Records from a data collection:
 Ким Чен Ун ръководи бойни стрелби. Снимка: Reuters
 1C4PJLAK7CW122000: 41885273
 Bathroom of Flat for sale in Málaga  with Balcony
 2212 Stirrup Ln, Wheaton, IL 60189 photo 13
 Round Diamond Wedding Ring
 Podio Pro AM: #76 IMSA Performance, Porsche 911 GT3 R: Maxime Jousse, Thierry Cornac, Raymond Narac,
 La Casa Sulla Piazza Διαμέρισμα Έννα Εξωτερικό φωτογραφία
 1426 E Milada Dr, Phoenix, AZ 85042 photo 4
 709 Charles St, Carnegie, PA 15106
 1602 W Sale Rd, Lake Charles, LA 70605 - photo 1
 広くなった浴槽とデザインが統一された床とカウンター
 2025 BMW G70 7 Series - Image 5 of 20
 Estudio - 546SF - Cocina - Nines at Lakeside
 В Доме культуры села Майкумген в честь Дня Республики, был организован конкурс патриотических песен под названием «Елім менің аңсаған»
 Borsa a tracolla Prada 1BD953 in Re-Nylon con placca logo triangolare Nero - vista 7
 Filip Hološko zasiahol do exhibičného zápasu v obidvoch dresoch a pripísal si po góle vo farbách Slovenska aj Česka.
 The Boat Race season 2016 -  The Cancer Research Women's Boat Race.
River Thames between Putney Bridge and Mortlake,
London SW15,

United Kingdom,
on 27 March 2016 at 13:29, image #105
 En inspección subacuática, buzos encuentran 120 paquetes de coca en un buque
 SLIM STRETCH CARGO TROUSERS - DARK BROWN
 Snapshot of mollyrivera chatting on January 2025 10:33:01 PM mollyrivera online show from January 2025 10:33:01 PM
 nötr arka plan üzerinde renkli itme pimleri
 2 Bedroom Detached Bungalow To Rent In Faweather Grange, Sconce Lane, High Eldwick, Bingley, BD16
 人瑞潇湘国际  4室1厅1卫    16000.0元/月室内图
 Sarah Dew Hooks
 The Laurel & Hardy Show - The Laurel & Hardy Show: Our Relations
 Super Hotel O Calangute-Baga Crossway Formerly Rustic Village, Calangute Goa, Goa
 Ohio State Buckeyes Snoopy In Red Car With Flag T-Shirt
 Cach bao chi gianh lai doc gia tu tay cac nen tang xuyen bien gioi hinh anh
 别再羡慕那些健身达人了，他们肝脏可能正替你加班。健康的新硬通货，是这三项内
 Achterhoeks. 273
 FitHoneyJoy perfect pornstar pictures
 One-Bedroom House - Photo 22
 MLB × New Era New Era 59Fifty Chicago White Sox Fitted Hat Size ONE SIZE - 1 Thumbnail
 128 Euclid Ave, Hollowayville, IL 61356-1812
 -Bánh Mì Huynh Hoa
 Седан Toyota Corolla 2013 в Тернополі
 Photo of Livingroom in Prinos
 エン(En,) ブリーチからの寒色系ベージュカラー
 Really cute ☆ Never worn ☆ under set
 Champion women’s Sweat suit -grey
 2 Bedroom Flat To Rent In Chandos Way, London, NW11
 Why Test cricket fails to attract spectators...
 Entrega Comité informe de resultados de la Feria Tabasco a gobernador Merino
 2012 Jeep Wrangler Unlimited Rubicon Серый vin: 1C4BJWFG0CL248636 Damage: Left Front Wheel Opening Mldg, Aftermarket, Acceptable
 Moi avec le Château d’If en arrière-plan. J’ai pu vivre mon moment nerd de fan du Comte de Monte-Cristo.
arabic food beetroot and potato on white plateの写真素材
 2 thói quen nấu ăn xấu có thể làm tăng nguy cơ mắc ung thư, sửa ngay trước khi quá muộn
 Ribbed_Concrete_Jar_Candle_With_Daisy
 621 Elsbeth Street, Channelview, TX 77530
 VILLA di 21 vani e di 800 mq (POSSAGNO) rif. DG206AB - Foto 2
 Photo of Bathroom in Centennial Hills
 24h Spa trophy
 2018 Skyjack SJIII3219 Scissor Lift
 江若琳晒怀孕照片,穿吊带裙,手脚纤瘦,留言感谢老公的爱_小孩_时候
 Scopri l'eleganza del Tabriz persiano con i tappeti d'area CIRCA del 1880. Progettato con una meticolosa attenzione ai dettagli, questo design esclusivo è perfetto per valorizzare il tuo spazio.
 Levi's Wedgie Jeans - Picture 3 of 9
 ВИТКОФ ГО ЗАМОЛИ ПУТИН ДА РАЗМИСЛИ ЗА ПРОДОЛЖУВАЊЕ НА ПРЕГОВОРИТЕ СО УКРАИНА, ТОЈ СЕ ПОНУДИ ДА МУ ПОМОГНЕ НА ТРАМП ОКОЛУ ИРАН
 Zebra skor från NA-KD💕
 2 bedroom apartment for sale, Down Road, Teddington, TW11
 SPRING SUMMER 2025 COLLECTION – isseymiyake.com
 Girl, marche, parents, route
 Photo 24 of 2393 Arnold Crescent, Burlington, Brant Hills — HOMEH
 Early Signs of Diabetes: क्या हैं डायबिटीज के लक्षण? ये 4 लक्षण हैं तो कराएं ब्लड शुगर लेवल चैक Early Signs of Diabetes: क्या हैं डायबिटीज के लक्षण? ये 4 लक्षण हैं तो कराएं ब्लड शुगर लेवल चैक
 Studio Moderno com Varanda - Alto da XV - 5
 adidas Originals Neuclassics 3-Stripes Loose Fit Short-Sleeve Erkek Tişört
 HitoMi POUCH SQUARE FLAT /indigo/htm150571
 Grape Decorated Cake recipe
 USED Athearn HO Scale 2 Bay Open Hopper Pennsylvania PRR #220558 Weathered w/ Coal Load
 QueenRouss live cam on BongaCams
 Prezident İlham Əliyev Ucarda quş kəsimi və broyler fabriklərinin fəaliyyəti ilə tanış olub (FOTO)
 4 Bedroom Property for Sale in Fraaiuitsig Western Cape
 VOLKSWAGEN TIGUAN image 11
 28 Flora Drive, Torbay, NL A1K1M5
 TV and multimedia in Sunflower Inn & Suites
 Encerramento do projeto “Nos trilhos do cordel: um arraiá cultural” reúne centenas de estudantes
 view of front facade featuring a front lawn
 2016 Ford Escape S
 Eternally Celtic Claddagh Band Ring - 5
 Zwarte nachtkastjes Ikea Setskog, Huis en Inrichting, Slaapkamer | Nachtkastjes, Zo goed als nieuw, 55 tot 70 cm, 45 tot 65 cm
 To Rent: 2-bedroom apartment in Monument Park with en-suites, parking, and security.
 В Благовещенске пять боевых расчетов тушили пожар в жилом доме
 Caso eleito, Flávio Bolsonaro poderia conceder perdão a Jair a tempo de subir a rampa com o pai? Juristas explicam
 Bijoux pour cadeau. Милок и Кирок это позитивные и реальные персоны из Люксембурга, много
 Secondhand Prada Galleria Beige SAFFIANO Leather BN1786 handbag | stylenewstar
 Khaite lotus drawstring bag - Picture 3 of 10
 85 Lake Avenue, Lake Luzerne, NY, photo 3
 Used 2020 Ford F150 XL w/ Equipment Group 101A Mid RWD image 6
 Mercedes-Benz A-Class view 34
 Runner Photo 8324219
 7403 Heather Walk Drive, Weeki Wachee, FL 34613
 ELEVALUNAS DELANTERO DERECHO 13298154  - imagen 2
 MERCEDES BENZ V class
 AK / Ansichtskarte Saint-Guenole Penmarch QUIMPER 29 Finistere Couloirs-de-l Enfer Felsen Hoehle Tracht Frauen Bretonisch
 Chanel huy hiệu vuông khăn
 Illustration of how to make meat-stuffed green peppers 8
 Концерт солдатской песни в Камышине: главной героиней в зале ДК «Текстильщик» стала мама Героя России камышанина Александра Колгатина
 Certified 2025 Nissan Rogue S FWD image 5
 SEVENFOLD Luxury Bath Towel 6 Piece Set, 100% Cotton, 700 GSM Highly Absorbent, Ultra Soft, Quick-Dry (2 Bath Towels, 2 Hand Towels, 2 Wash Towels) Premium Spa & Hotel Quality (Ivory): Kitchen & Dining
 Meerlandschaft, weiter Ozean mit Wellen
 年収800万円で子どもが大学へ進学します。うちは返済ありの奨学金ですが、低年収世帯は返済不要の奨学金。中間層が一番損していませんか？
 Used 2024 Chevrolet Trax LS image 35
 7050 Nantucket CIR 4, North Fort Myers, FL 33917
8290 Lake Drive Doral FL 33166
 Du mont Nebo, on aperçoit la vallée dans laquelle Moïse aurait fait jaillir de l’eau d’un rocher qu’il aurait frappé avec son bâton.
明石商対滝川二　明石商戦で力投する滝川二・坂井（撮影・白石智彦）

◆ Your goal ◆
From the records above, copy only the lines starting with the line that holds "VILLA di 21" and going on through the line that holds "江若琳晒怀孕照片,穿吊带裙,手脚纤瘦,留言感谢老公的爱_小孩_时候", exactly as written.

◆ Answer box ◆
 VILLA di 21 vani e di 800 mq (POSSAGNO) rif. DG206AB - Foto 2
 Photo of Bathroom in Centennial Hills
 24h Spa trophy
 2018 Skyjack SJIII3219 Scissor Lift
 江若琳晒怀孕照片,穿吊带裙,手脚纤瘦,留言感谢老公的爱_小孩_时候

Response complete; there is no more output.